If you read Microsoft’s documentation and guidance regarding DAG design, you will note guidance that the greater number of DAG members that you have, the better. This is because, with more DAG members, you can increase your resiliency in the event of member failures.
For example, with two, three-node DAGs, each DAG can sustain only a single member failure and still remain online. Since a three-node DAG requires two voting members for quorum, two simultaneous voting member failures would result in a loss of quorum and the DAG going offline. However, a single, six-node DAG (stretched across sites if desired) can sustain three simultaneous voting member failures before going offline. Since a six-node DAG would require four online voting members, you could have three Mailbox server members online plus your Witness Server and sustain simultaneous failures in the three other Mailbox server members without losing quorum.
The caveat to this guidance occurs if you need an active/active data center model. Consider, for example, that you had two data centers (West and East) and wanted half of your users to be primarily hosted in one data center and the other half to be primarily hosted in the other. User allocation could be based on the quality of WAN link to the data center, the assignment of users to other Exchange integrated applications in those data centers (BlackBerry, document management, etc.), etc.
Under normal operations, if you placed three DAG members in one data center and three DAG members in the other, it would work fine and you would have the added resiliency benefits of a larger DAG. However, if the WAN between your two data centers were to fail, all of your mailbox databases would failover to whichever data center contained your configured File Share Witness (if a valid mailbox database copy existed in that data center). This is because, in the data center without connectivity to other DAG members or the FSW, you would no longer have enough voting members for quorum and the DAG would take itself offline.
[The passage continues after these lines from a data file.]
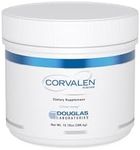 Douglas Laboratories Corvalen | Supplement to Support Cardiovascular Health, Fatigue, Energy Production, and Mitochondrial Function* | 10.18 Ounces 288.6 Grams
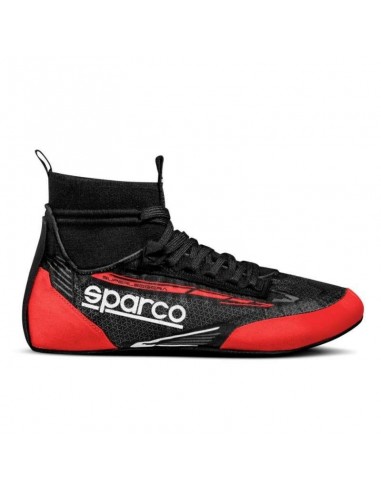 Botas competición Sparco Superleggera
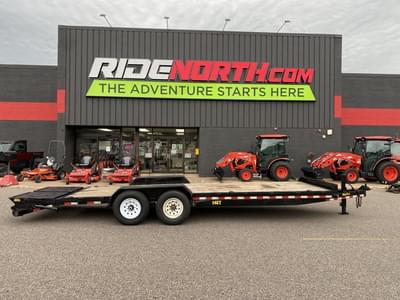 BOATZON | Big Tex Trailers 14ET 24 2022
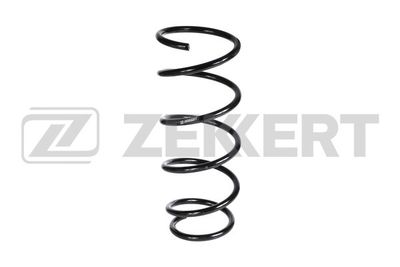 Пружина ходовой части ZEKKERT SF-1030 для RENAULT KANGOO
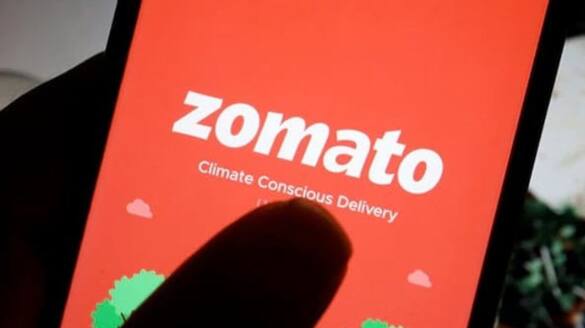 now Zomato will bring food together for up to 50 people, not just one person-sak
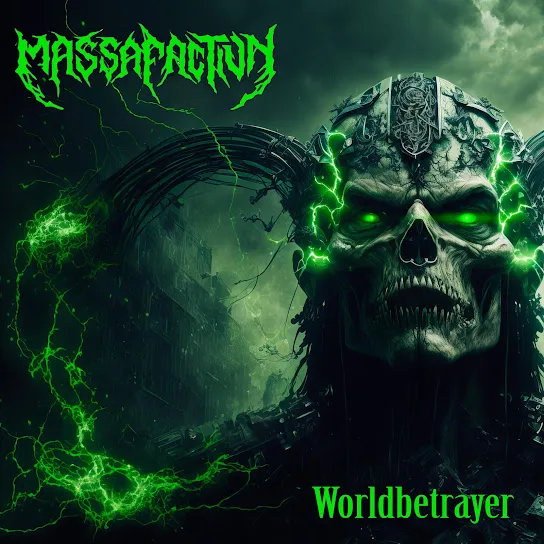 Worldbetrayer cover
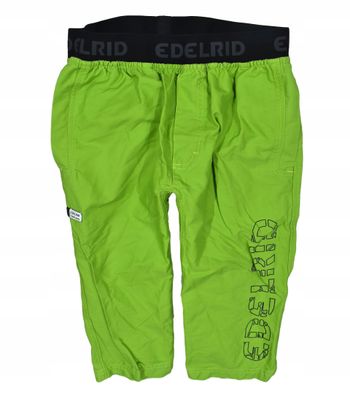 Edelrid Herren-Klettershorts 48 / S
While having Exchange services failover to one data center or another in the event of a WAN failure may not be an issue, it is technically a site resiliency operation that may not be desirable for end user access, integrated applications, or administrator management. For these reasons, if you wanted each data center to remain active in the event of a WAN failure, you would need to deploy two DAGs stretched across both data centers. One DAG would have its FSW hosted in one data center and the other would have its FSW hosted in the other data center to ensure that Exchange services remain hosted in their designated data centers, even during a WAN failure.